#### PROVIDED ENTRIES:

-*-*-

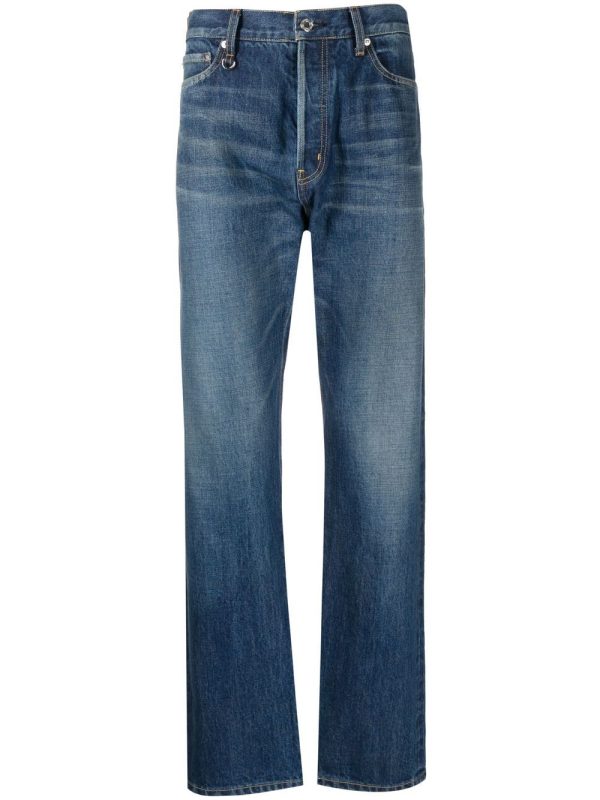 Mid-Rise Straight-Leg Jeans For Sale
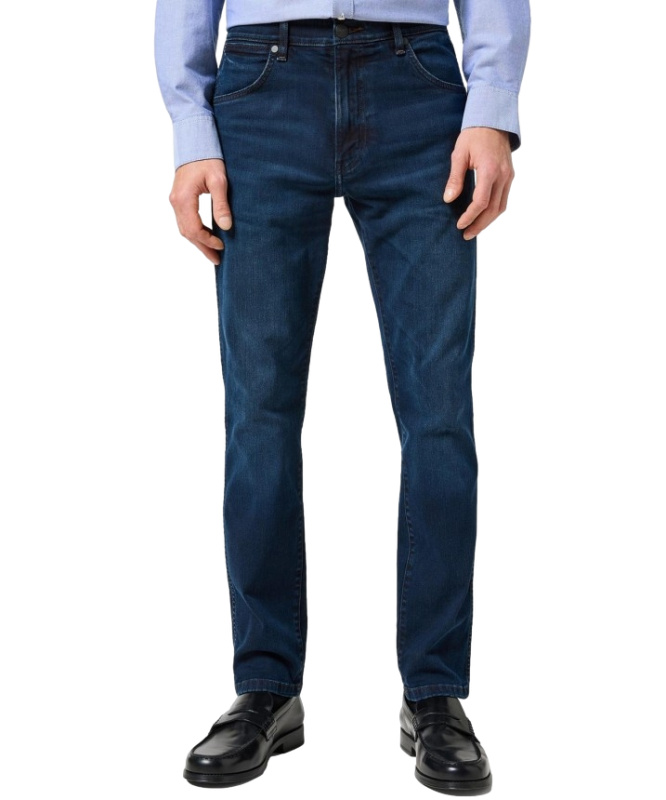 Pánské džíny WRANGLER Larston tmavě modré-seprané-32/34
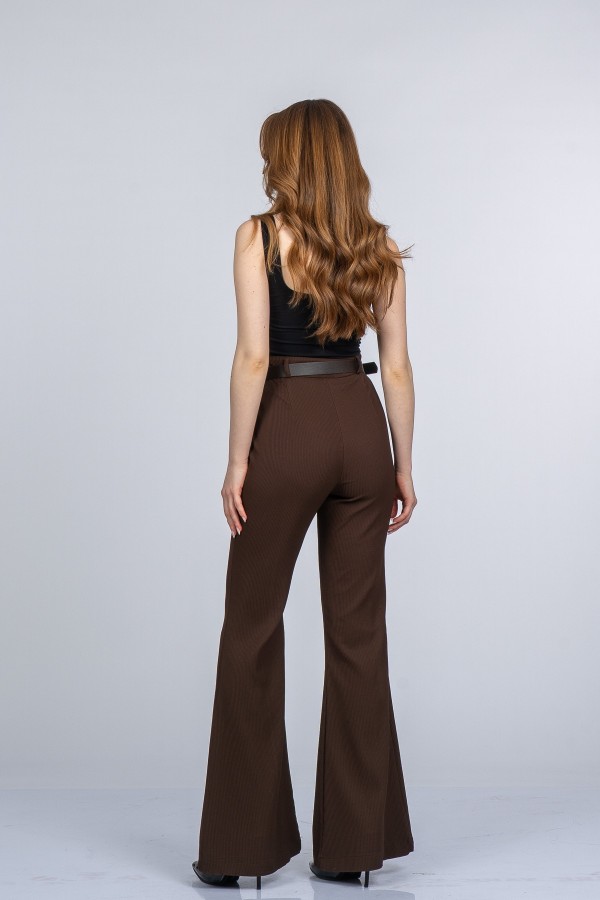 Elegant İspanyol Paça Kadın Pantolon - Yüksek Bel Kemerli Likralı Fitilli Krep Kumaş Elegant İspanyol Paça Kadın Pantolon - Yüksek Bel Kemerli Likralı Fitilli Krep Kumaş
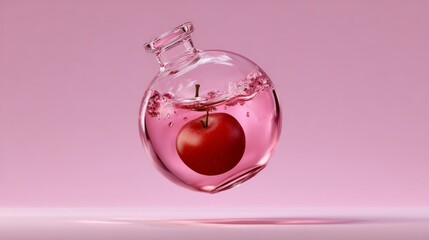 A glass bottle with a red apple inside of it. The apple is floating in the water. The bottle is pink and the water is pink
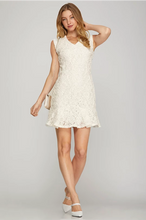 Load image into Gallery viewer, Ss sleeveless shoulder pad v neck lace mini dress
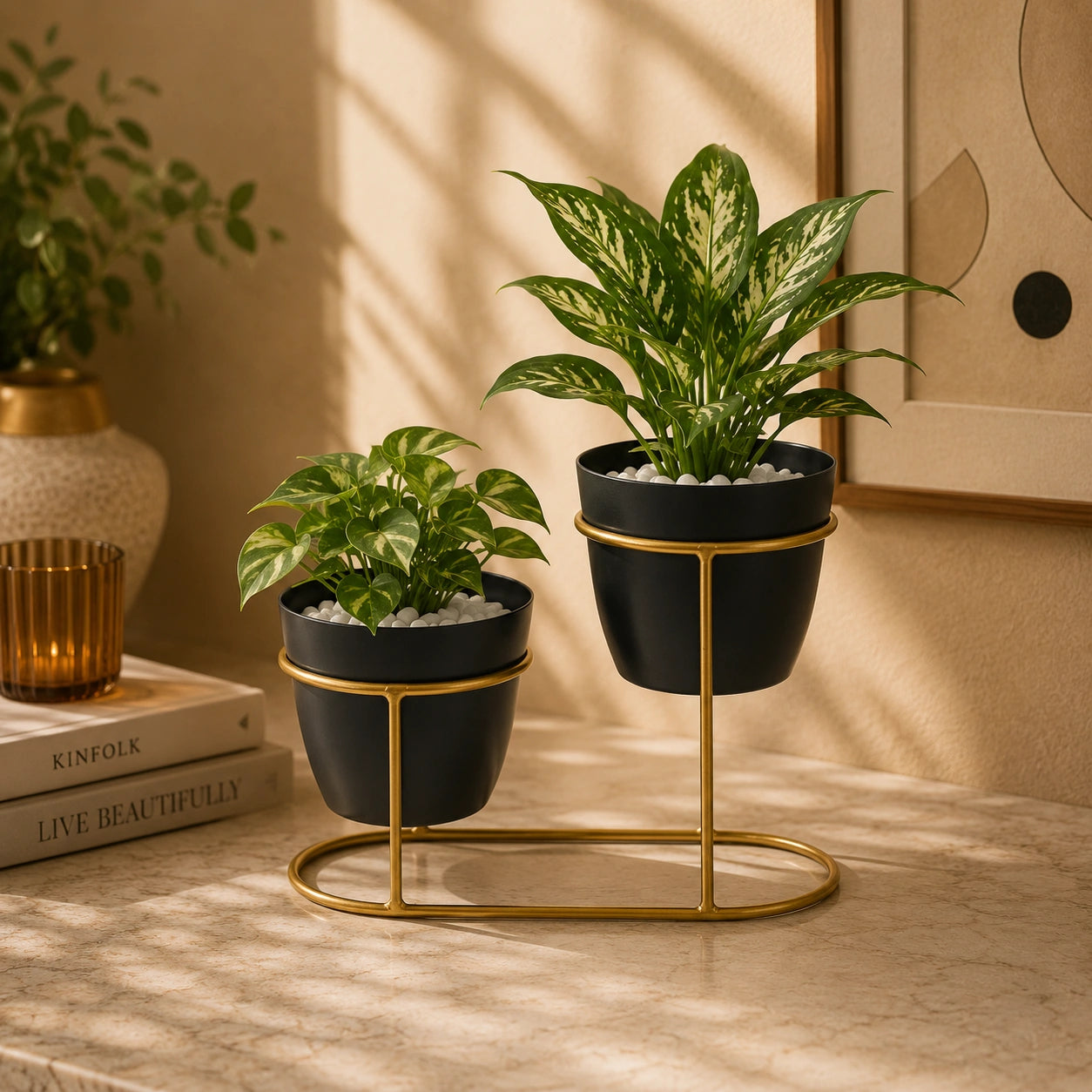 Metal Pots with Double Golden Stand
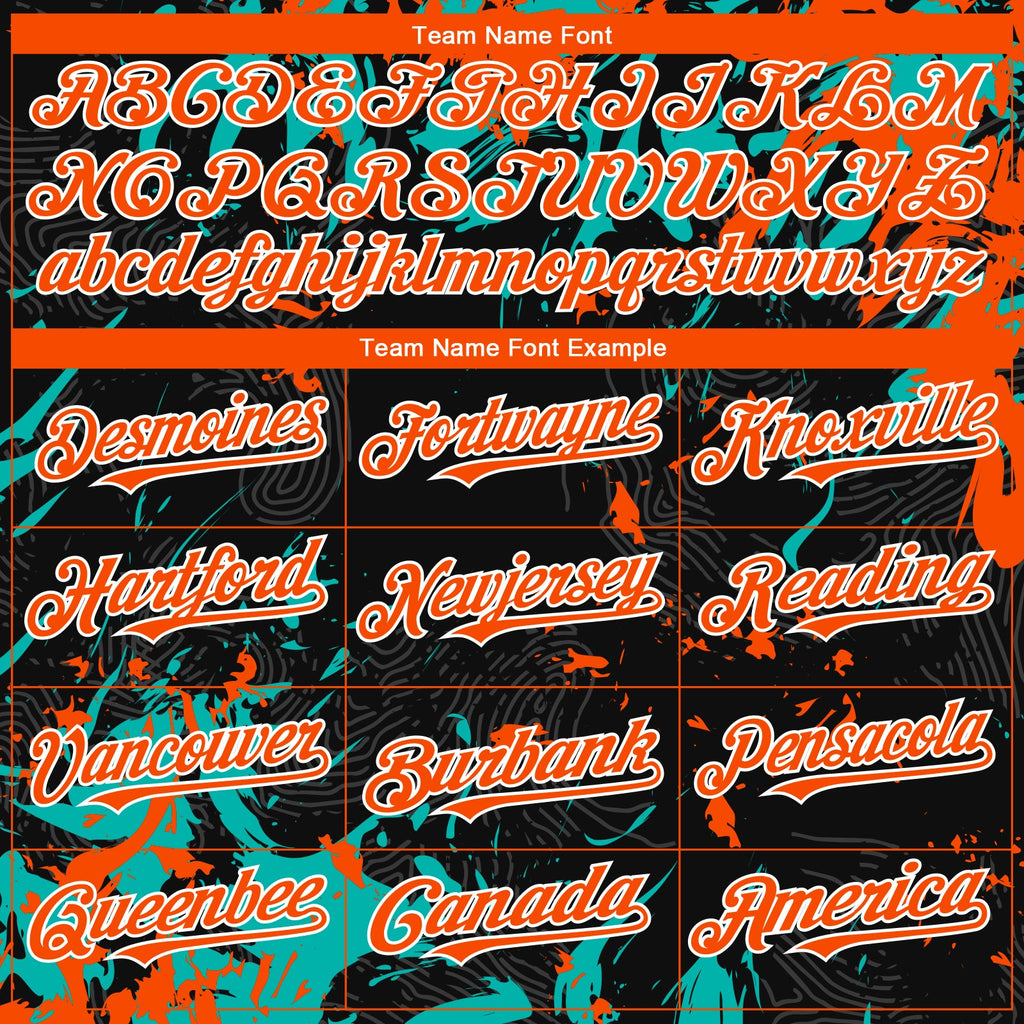 Custom Black Orange Aqua-White Splash Authentic Baseball Jersey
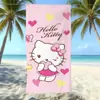 Toalha de Praia de Microfibra Estampada com Desenho da Hello Kitty, Absorvente e de Secagem Rápida, Toalha de Banho Hello Kitty para Crianças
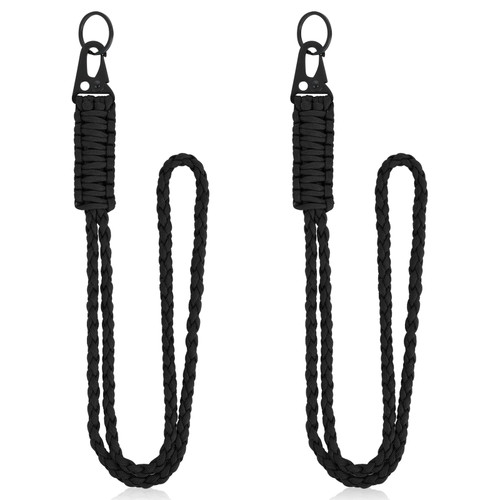 Tyqour 2Pcs Heavy Duty Paracord Lanyard Braided 550 Keychain for Keys ID Badges Men Necklace Whistles Strap for Outdoor Camping Hiking Travel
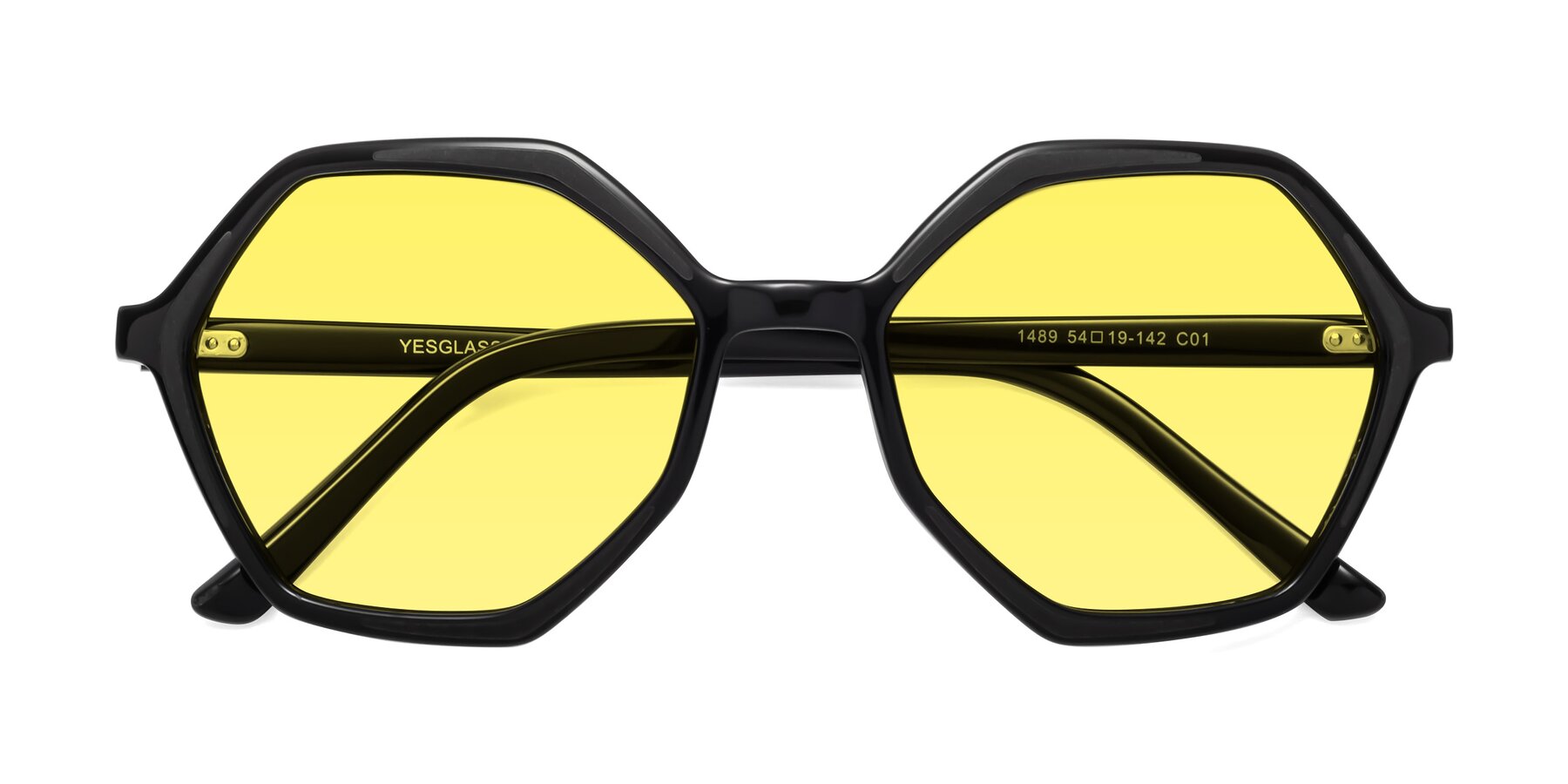 Folded Front of 1489 in Black with Medium Yellow Tinted Lenses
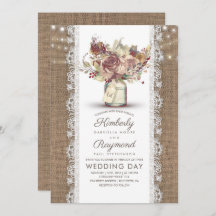 ヴィンテージ素朴フローラメイスンJAR | Burlap結婚の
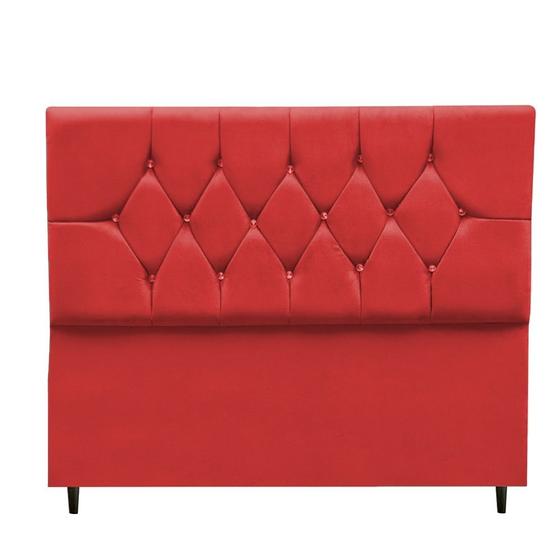 Imagem de Cabeceira de Casal Box  1,40 Suede Estofada Capitonê Vermelho Dunas - Móveis Trida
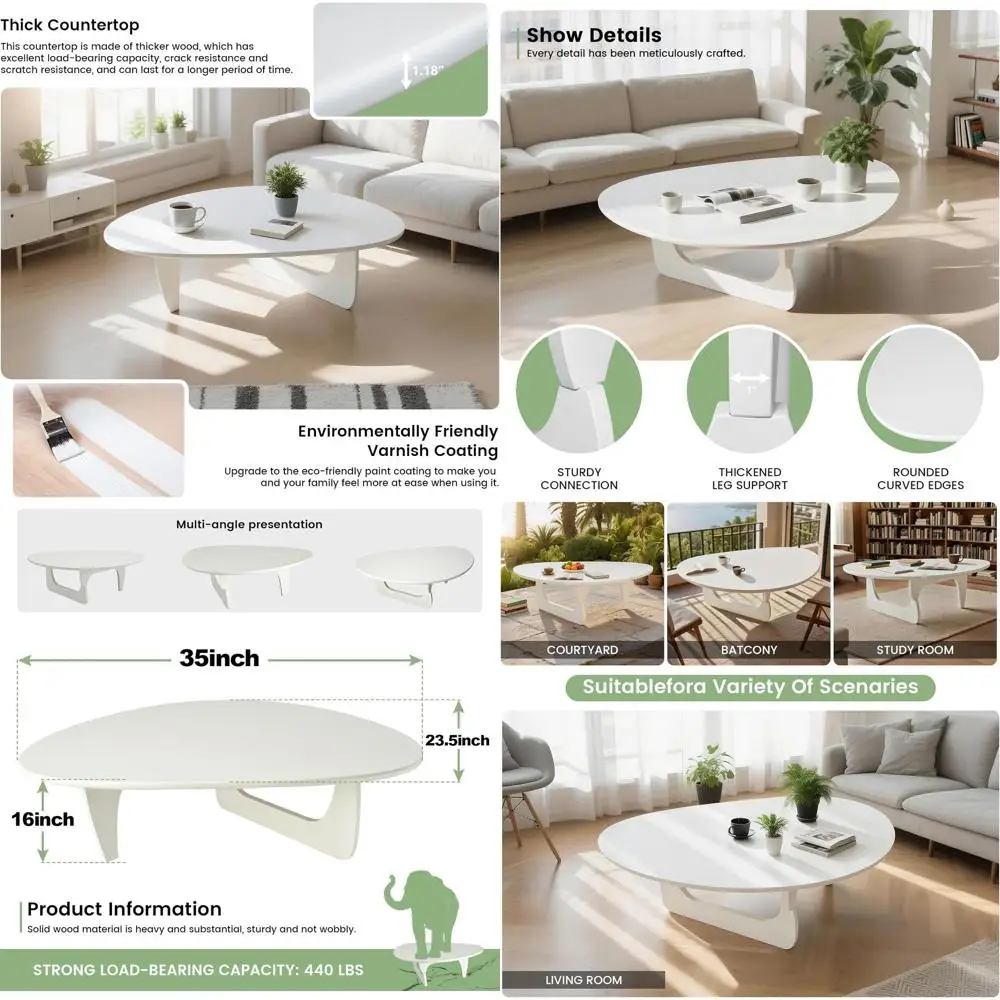 Modern Triangle Coffee Table: Chic White Wooden Living Room Furniture, Oval Abstract Tea Table for Patio, Office, Balcony, Bedro
Modern Triangle Coffee Table: Chic White Wooden Living Room Furniture, Oval Abstract Tea Table for Patio, Office, Balcony, Bedro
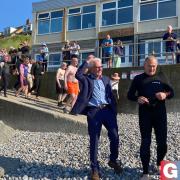 Ed Davey, Liberal Democrat candidate for North Norfolk, Steffan Aquarone and former MP Norman Lamb before taking a plunge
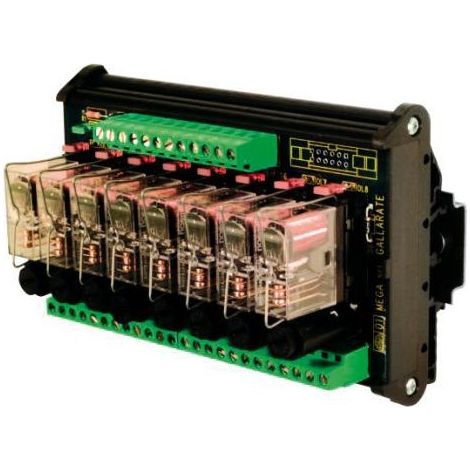 Modulo a relè elettromeccanico serie R a 8 canali 24 Vac & 24 Vdc / SPDT 12 A con fusibile (1/2)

-*-*-

#### WORK TO COMPLETE:
Would you reproduce the lines above, from the very first through the line containing "A glass bottle", exactly and without the pictures?

#### ANSWER BELOW:
 Mid-Rise Straight-Leg Jeans For Sale
 Pánské džíny WRANGLER Larston tmavě modré-seprané-32/34
 Elegant İspanyol Paça Kadın Pantolon - Yüksek Bel Kemerli Likralı Fitilli Krep Kumaş Elegant İspanyol Paça Kadın Pantolon - Yüksek Bel Kemerli Likralı Fitilli Krep Kumaş
 A glass bottle with a red apple inside of it. The apple is floating in the water. The bottle is pink and the water is pink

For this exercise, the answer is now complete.